Competitive advantage can be achieved by adjusting the relationship between product and price. If customers want anything that isn’t mass produced, i.e. something that is unique, they will be willing to pay a higher price. This is effective in the case of Nokia as it provides its customers with unique products such as the 9210 Communicator, thus, the consumers will be willing to pay more.
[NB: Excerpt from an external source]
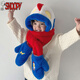 史努比（SNOOPY）奧特曼兒童帽子圍巾手套一體三件套冬季男女寶寶加絨加厚防風(fēng)保暖 手指奧特曼毛絨三件套藍手套 頭圍50-54cm參考2-10歲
 Not all phones, however, are aimed at the socio economic group. Phones that are targeted at the teenagers are reasonably priced from £50-£100. This is a staggering improvement from 1995, when phone costs were very high. That was, however, due to the cost of shipping the phones from Europe. Since the establishment of the Nokia factory in Hong Kong, prices have gone down as more and more people are now able to afford the phones. [3]

 Promotion:

Nokia has done an extensive job in promoting its products to the local population. Nokia is marketing its products using Marketing Segmentation. This means that it is aiming certain type of product at a certain age or socio economic group. For example, the Nokia 3310 is featured in an MTV show means that the product is targeted towards the teenagers where as the more professional looking Nokia N-Series, E-Series is advertised in business magazines and news channels such as CNN and CNBC. Ads could also be seen on local trams and buses. Advertising is needed for image enhancement of a product and is also necessary to create a price inelasticity of the product. This is because as brand becomes more famous, products gain customer loyalty and thus the product becomes price inelastic.  Nokia’s branding can be considered as very successful as the consumers are willing to pay a reasonably high amount of money because they recognise Nokia and are aware of its quality.[3]

Conclusion:

Nokia’s experience in business solutions markets has already been identified as a company weakness. This problem is further enhanced by high levels of competition in these markets from large companies such as LG, Semen’s, Motorola etc. Despite being a forerunner in technological development in the mobile handset industry attempting to utilise a similar approach to compete in the general multimedia market and competitive markets represents a serious risk. Although research and development provides competitive advantage in one market it is unlikely to distinguish Nokia in these new markets and as such it is submitted that a new angle is required to develop these markets successfully. By spreading its technological focus Nokia risks being unable to keep up with developments.